Bluetooth 5 was announced and made officially available on December 7, 2016. It comes with a handful of improvements to speed, range, maximum device connectivity, and anti-interference from other nearby devices. While this might be great for those special few who use Bluetooth on a daily basis to send and receive (or steal) data, what about the average Joe?
The most common use of Bluetooth nowadays is for listening to music. Whether you're connected to your Samsung Gear IconX, Apple AirPods, Bose, Sennheiser, or Beats Studio wireless headphones, the sound just won't be as good as having a wired connection. We had hoped Bluetooth 5 would fix this issue and improve audio quality, but that's not the case—and there's a good reason for this.

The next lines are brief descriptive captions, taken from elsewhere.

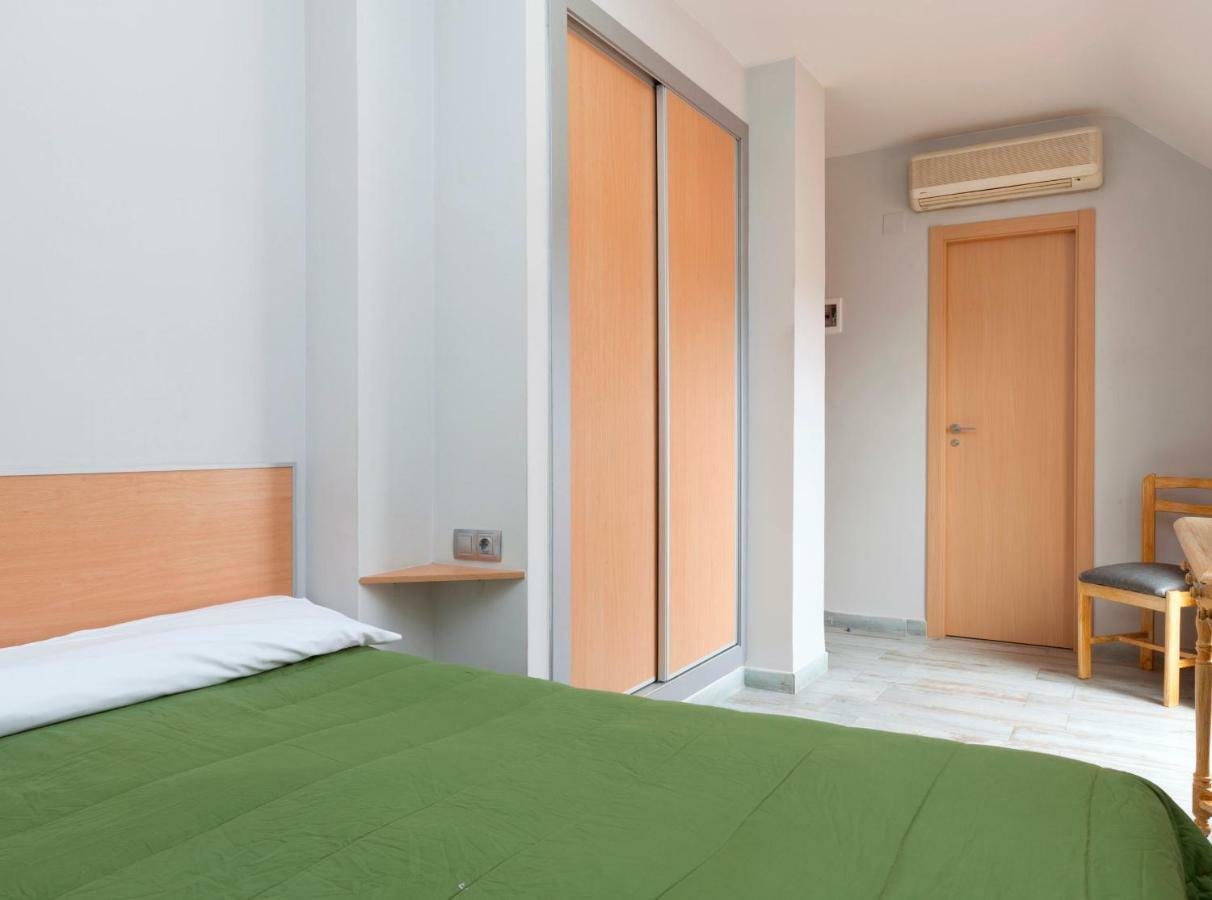 Olympia Ronda Hostel El Puig  Eksteriør bilde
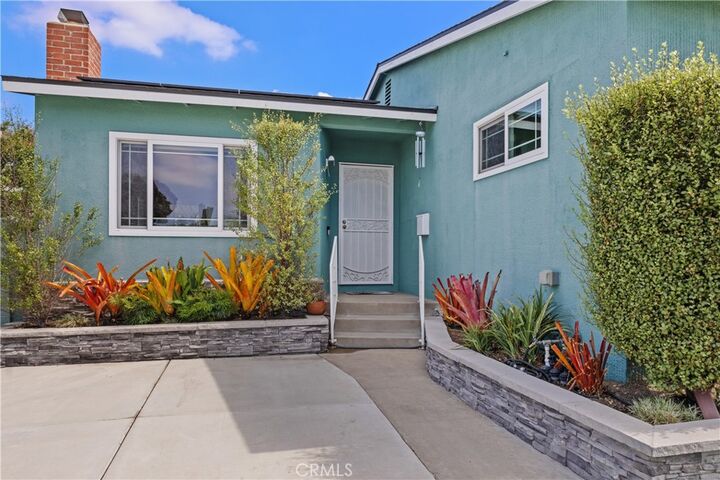 Property Photo:  6103 Wolfe St  CA 90713 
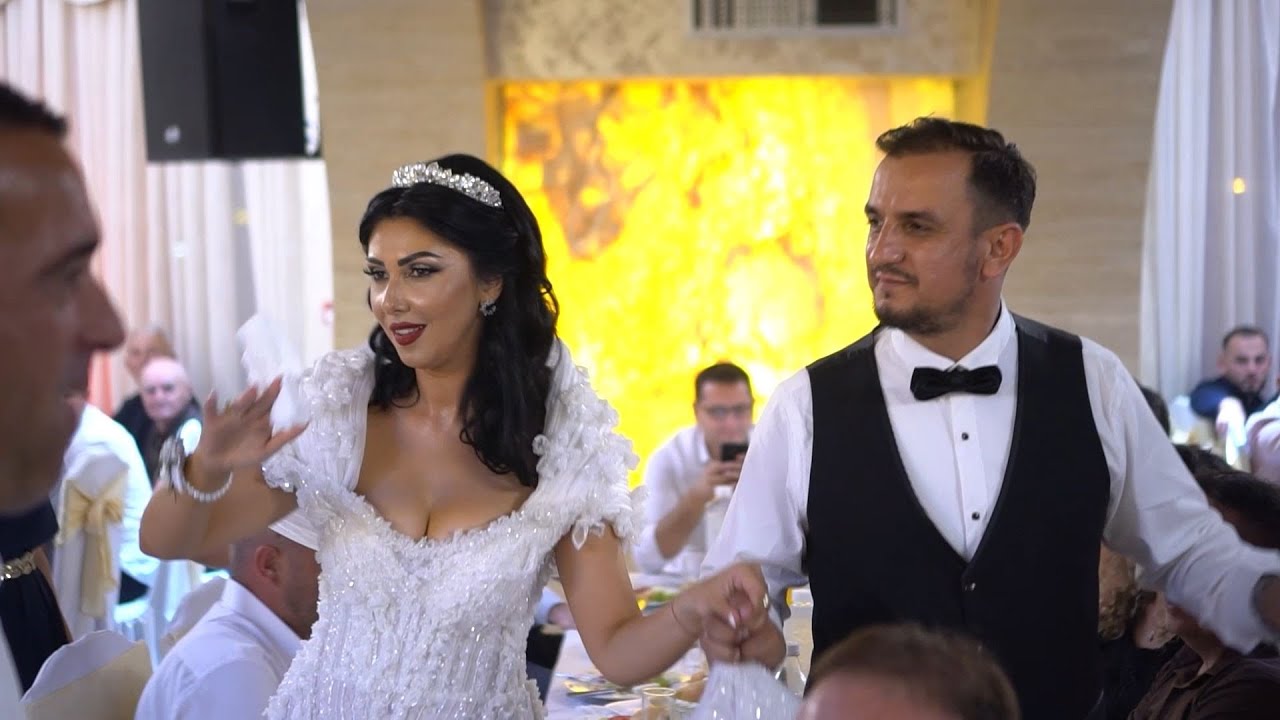 Muzika pita: ‘Spreman?’ – Dovoljno je da mladoženja klimne glavom i veselje krece 🎶💃“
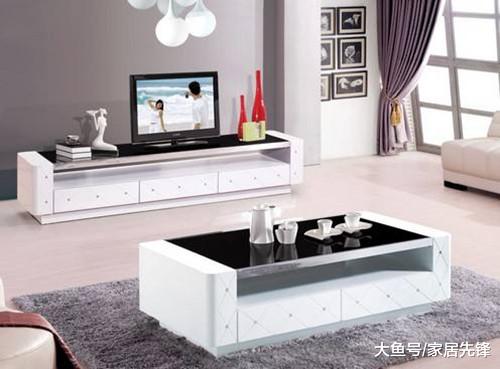 客厅装修别再买茶几了，越来越多人这样设计，实用又不占地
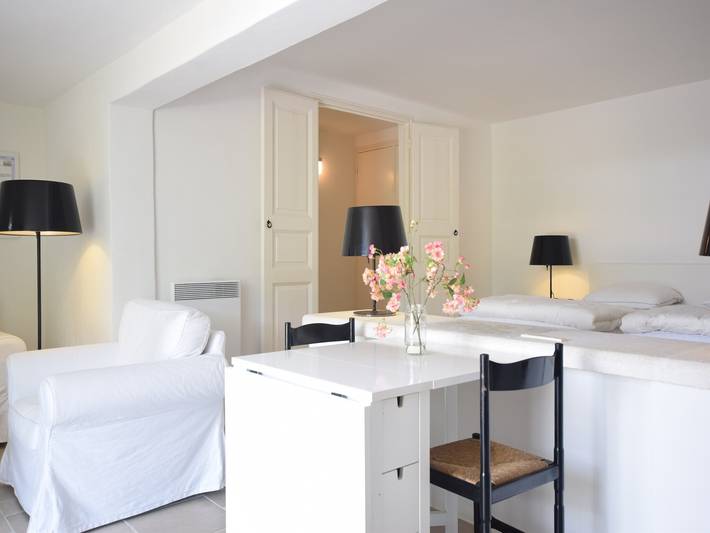 Appartement entier, Escapade à vélo à Montbrun in Montbrun-les-Bains, Région de nyons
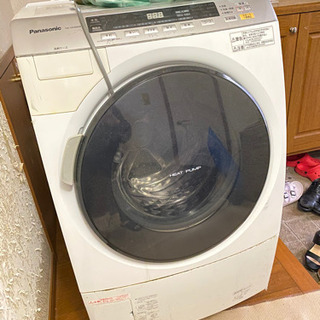 Panasonic NA-VX3000R　ドラム式洗濯機　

Bluetooth was originally designed to connect to phone headsets and speakerphones, not headphones and speaker systems. It was also designed to work on a narrow bandwidth. This means that not only is interference from nearby devices a high probability, but data being sent will be compressed. This is okay for phone calls—but not for music that has most likely been compressed through the internet multiple times.
Bluetooth 4.2 is only capable of transferring data at 25 Mbps (megabits per second), which is roughly 3.125 MBps (megabytes per second). This is nothing compared to USB 3.1 (also known as USB Type-C), which is capable of transferring data at a whopping 10 Gbps, or 1,250 MBps. Even the new iPhone 7's Lightning port is capable of higher speeds than Bluetooth 4.2 at a rate of 480 Mbps, or 60 MBps.
This is the main difference with Bluetooth 5, as transfer speeds have now been doubled. The broadcast range has also been increased by a factor of 4, according to the Bluetooth Special Interest Group:
Key feature updates include four times range, two times speed, and eight times broadcast message capacity. Longer range powers whole home and building coverage, for more robust and reliable connections. Higher speed enables more responsive, high-performance devices. Increased broadcast message size increases the data sent for improved and more context relevant solutions.
However, given that Bluetooth 5 is stated to be only twice as fast as Bluetooth 4.2, it'll bump up data transfers to a measly 6.25 MBps. This pales in comparison to every wired connection released this past decade, and certainly doesn't allow for much improvement in audio quality.
Bluetooth 5 will continue to use A2DP, which is a lossy format. This means it will use algorithms to strip out and reduce data, aiming for smaller file sizes that work with Bluetooth's limited bandwidth.
Until this issue is fixed and Bluetooth gets a much larger bump in transfer speeds, it doesn't matter if you're using iOS or Android—Bluetooth 5 just isn't going to cut it for our audio quality needs.